In joining ADGM, Siemens can capitalise on the UAE’s central geographical location as well as many other factors, such as operating out of Abu Dhabi under the rules of ADGM as a regulator. “ADGM is a very flexible and professional partner for our type of business, which is crucial for us since we have to provide these services for our partners from a reliable working space with reliable infrastructure and supportive legal system,” says Dr. Marcos Boskamp Alexandre, Managing Director at Siemens.
Fortunately for Siemens Capital Middle East, the organisation has been able to maneuver through the current pandemic with little negative impact.
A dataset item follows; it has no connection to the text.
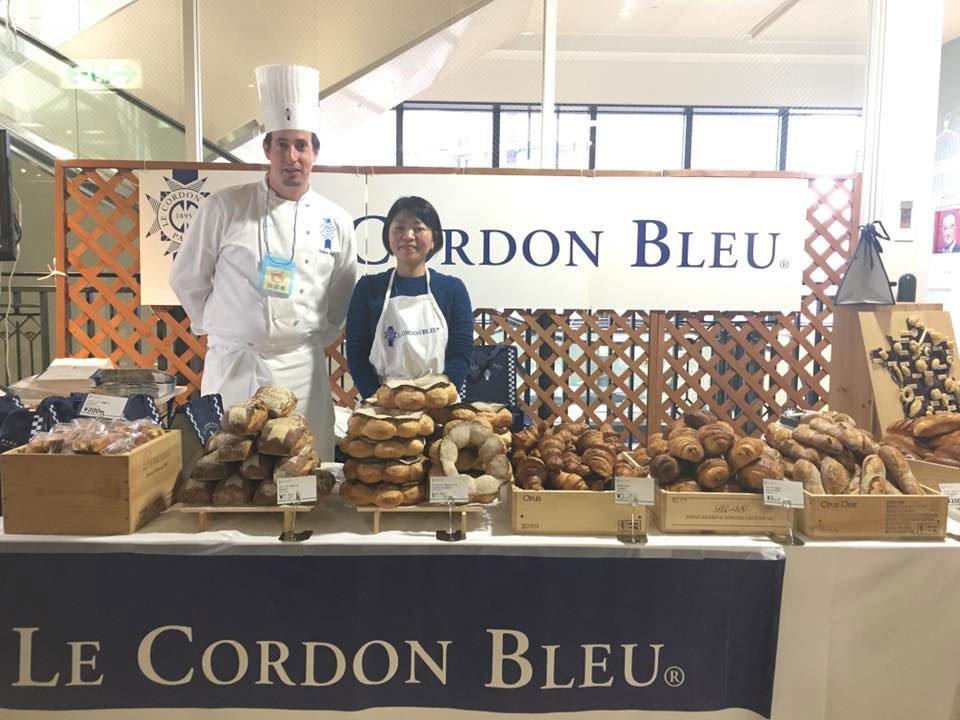 ル コルドン ブルー ジャパン Le Cordon Bleu Japan A Twitteren 関西の人気ベーカリーが神戸 に集まる てくてくパンまつり 9 7 9 9 最終日の9 9 日 ル コルドン ブルー神戸校が出店します 皆様どうぞお出かけください 詳しくはこちら Https T Co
Due to ADGM’s infrastructure and the high degree of digitalisation inherent to its offices before the pandemic hit, it was much easier to adjust to home office work.
While preparation was key in managing the coronavirus pandemic, the restrictions involved in social distancing and safeguarding teams were still a significant challenge for Siemens Capital Middle East Ltd., although doing so was made much easier thanks to the support of ADGM. “ADGM protected our team and secured the health of our people,” says Boskamp. “Thanks to flexibility and infrastructure support, we have been able to continue our work seamlessly under these restrictions, even during pandemic times.”
In conclusion, ADGM has developed a holistic ecosystem that invites MNCs to establish their Regional Treasury Offices, while mitigating traditional operational risk and streamlining all their financial processes. For corporates recovering from the direct impact of COVID-19 on their operations, ADGM offers an unprecedented opportunity for exponential business growth and agile financial operations.